• [TASK DESCRIPTION] Take the entries below and reproduce exactly the portion that begins at the line containing "1-BR Condo at" and ends at the line containing "Dr Scholl’s Be Free Slip On Sneakers size 10", keeping both ends, dropping pictures, and adding nothing else.

-------- SUPPLIED ENTRIES --------

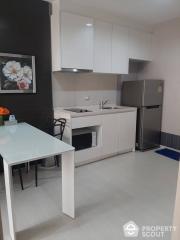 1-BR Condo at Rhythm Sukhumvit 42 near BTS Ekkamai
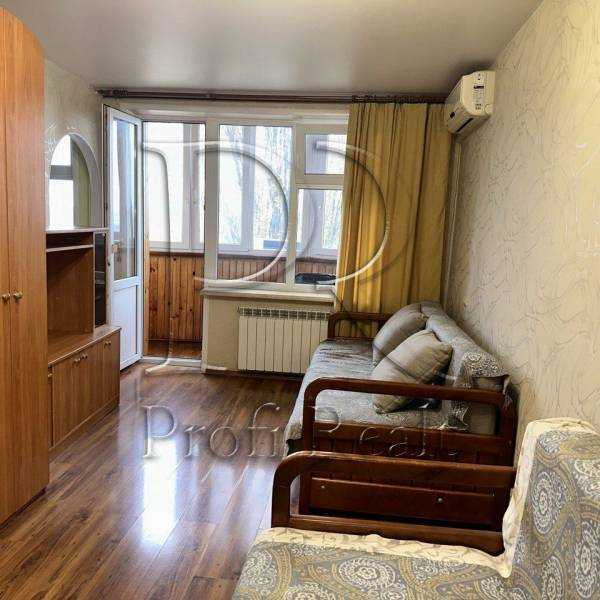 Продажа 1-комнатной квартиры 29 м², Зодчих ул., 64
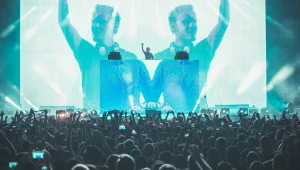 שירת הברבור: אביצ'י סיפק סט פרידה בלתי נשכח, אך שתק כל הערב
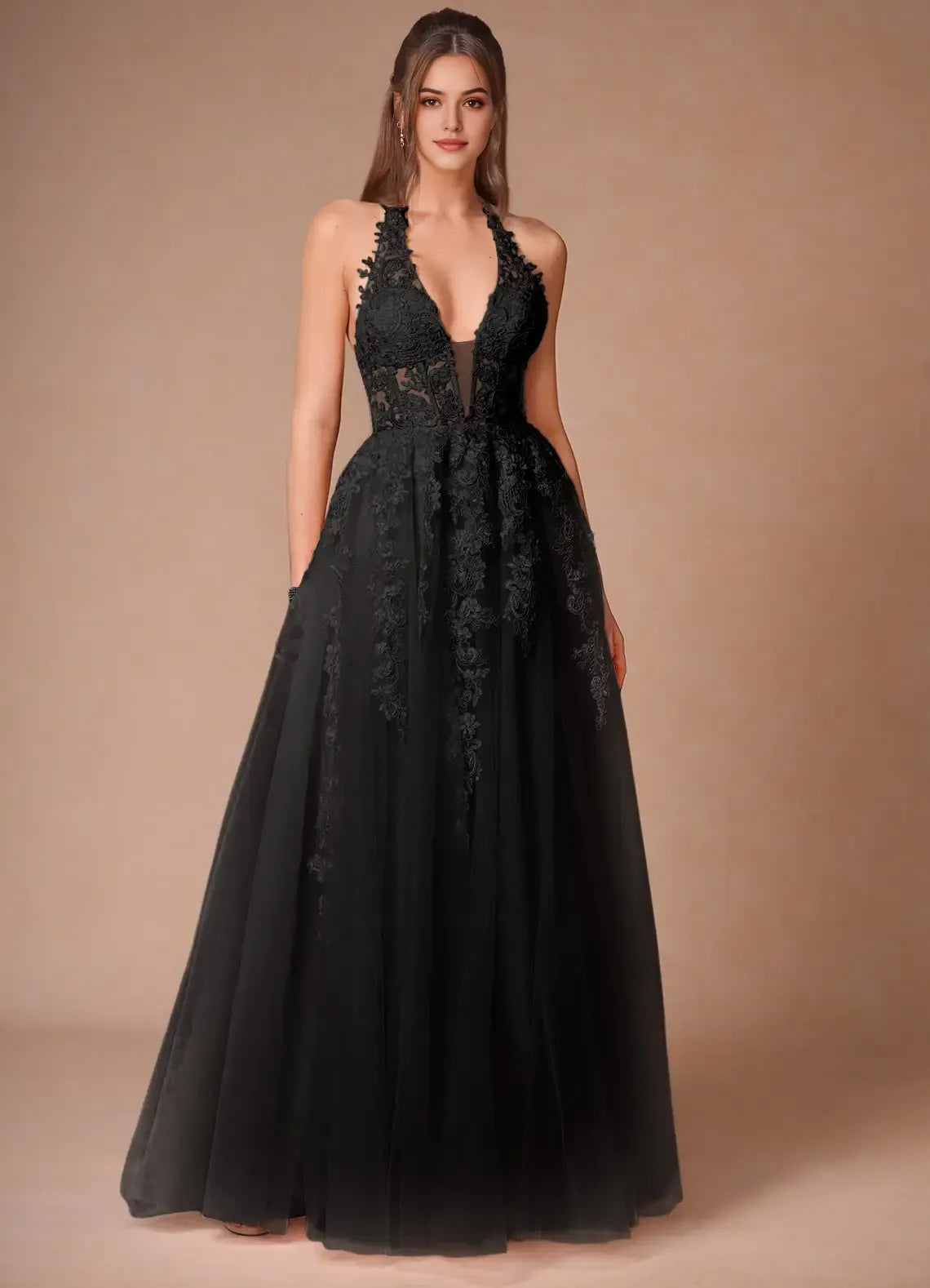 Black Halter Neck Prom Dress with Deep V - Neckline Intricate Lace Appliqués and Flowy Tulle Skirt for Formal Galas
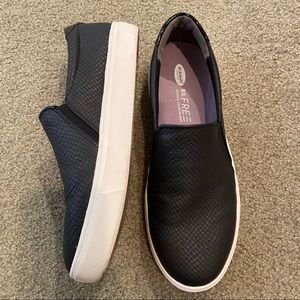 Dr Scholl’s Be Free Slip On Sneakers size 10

--------
-------- SUPPLIED ENTRIES --------

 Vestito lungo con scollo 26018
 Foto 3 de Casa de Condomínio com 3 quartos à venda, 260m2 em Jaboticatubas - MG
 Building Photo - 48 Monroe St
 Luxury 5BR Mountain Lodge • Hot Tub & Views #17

--------

• [WORKED SOLUTION]
 1-BR Condo at Rhythm Sukhumvit 42 near BTS Ekkamai
 Продажа 1-комнатной квартиры 29 м², Зодчих ул., 64
 שירת הברבור: אביצ'י סיפק סט פרידה בלתי נשכח, אך שתק כל הערב
 Black Halter Neck Prom Dress with Deep V - Neckline Intricate Lace Appliqués and Flowy Tulle Skirt for Formal Galas
 Dr Scholl’s Be Free Slip On Sneakers size 10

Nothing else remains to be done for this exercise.